Inutile girarci attorno … il prestigioso albero genealogico di
Thomas Hand Chaste e
Alexander Scardavian, a cui si aggiunge quello di
Claud Galley (presente in due brani) e del compianto
Sanctis Ghoram (sua la voce campionata in nella
title-track dell’albo) ingolosirà sicuramente i tanti estimatori di Death SS,
Paul Chain,
Steve Sylvester e Violet Theatre, mentre dovrebbero essere sufficienti le prove più recenti di
Thomas con i Witchfield e di
Alexander con gli Strange Here per avvicinarsi ai
Where the Sun Comes Down con molte aspettative.
“
Welcome”, analogamente a “
Sabbatai Zevi” e “
Strange Here II”, non è per nulla un modo “facile” per rivangare la storia del
dark sound italico, magari nel tentativo di accalappiare qualche inguaribile nostalgico, ma è l’ennesima dimostrazione di come gli insegnamenti di quei
Maestri siano stati splendidamente metabolizzati da una generazione di
Allievi oggi pienamente “maturi” e capaci di restituirceli trasfigurati, senza per questo disperderne la nobile riconoscibilità.

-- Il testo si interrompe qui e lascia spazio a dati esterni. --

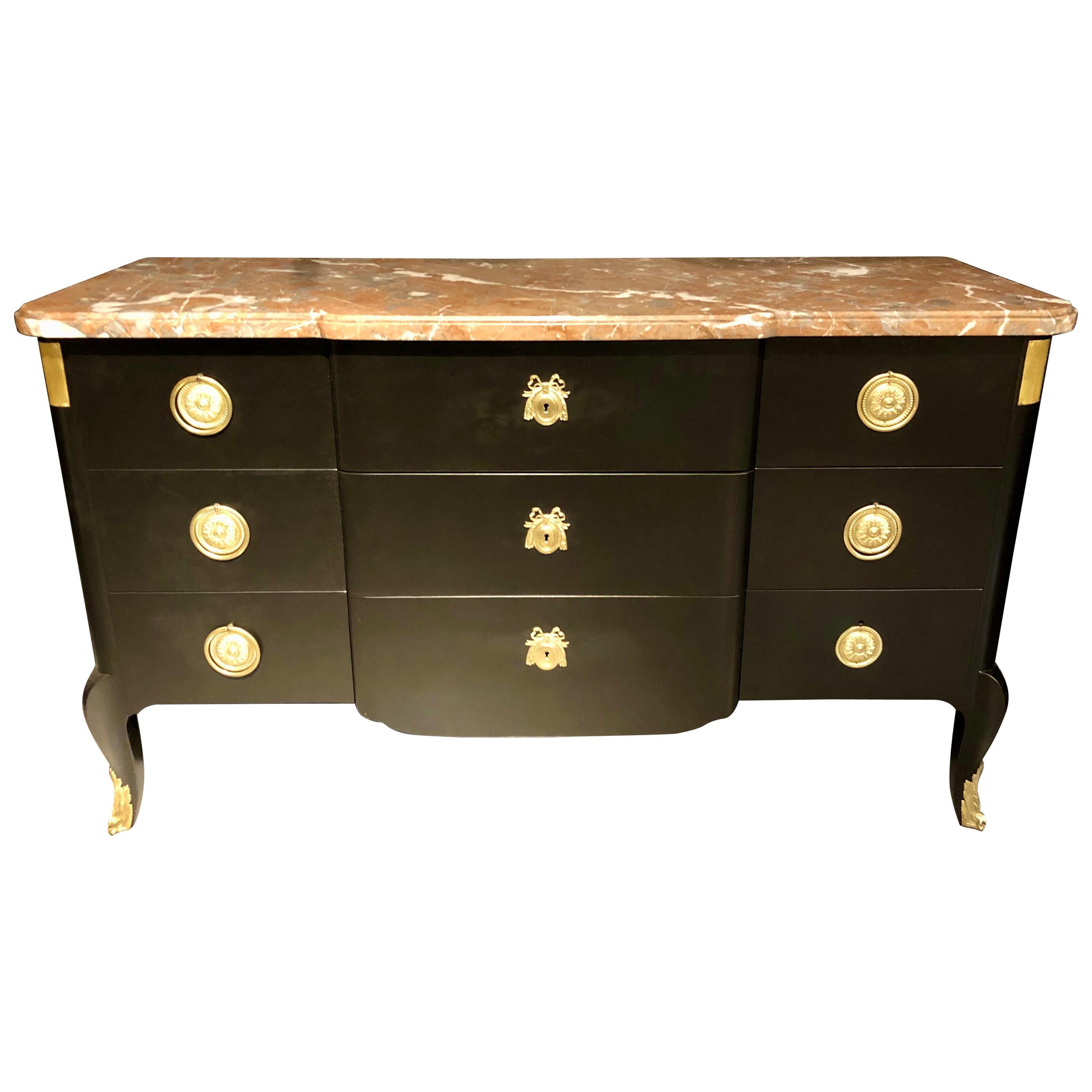 Louis XV Jansen Dresser, Commode or Chest, Ebony Hollywood Regency Era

Una visione ampia, allucinata e suggestiva dei luoghi dove il “
sole tramonta”, insomma, dove
doom e
psichedelia si combinano in una vertigine di torbida fascinazione, tra tensioni cosmiche, l’ipnotica e misurata forza del
groove e un canto che pare emergere da uno zampillante crogiolo d’inquietudine.
Apertura affidata a “
Mister lie” che con il suo passo ossessivo, disperato, istoriato di effluvi lisergici, schiude le porte a un perturbante universo cupo e acre, in cui anche la neve, vedasi la successiva “
Snowin' day”, assume colorazioni nere e verdastre e si posa con inusitata pesantezza su fondali insondabili e foschi, mentre l’organo sottolinea ambientazioni quasi liturgiche e il
sax squarcia le tenebre alla maniera di un certo
Clive Jones.
Le cadenze orbitali e ieratiche di “
Voyage” (grande pezzo!) accentuano il senso pernicioso e rituale del “viaggio” sonoro, “
Myself” è una litania slabbrata e angosciosa e “
Welcome” è una mefitica sospensione gassosa fatta di cupe distorsioni e voci aliene, specchio deformato di un “altromondo” sinistro e straordinariamente attraente.
La malinconica afflizione di “
Because we were fools” s’insinua sotto la pelle come uno strano parassita che profonde energie emotive e alla straniante “
Where the sun comes down” è affidato il compito di officiare il rito conclusivo, pregno di sussurri elettronici, chitarre fumiganti di zolfo e di un evocativo e agghiacciante sguardo dritto al centro dell’abisso.
“
Welcome” è un disco potente, visionario, inquietante. Chiamatelo pure una “lezione di stile”, se preferite.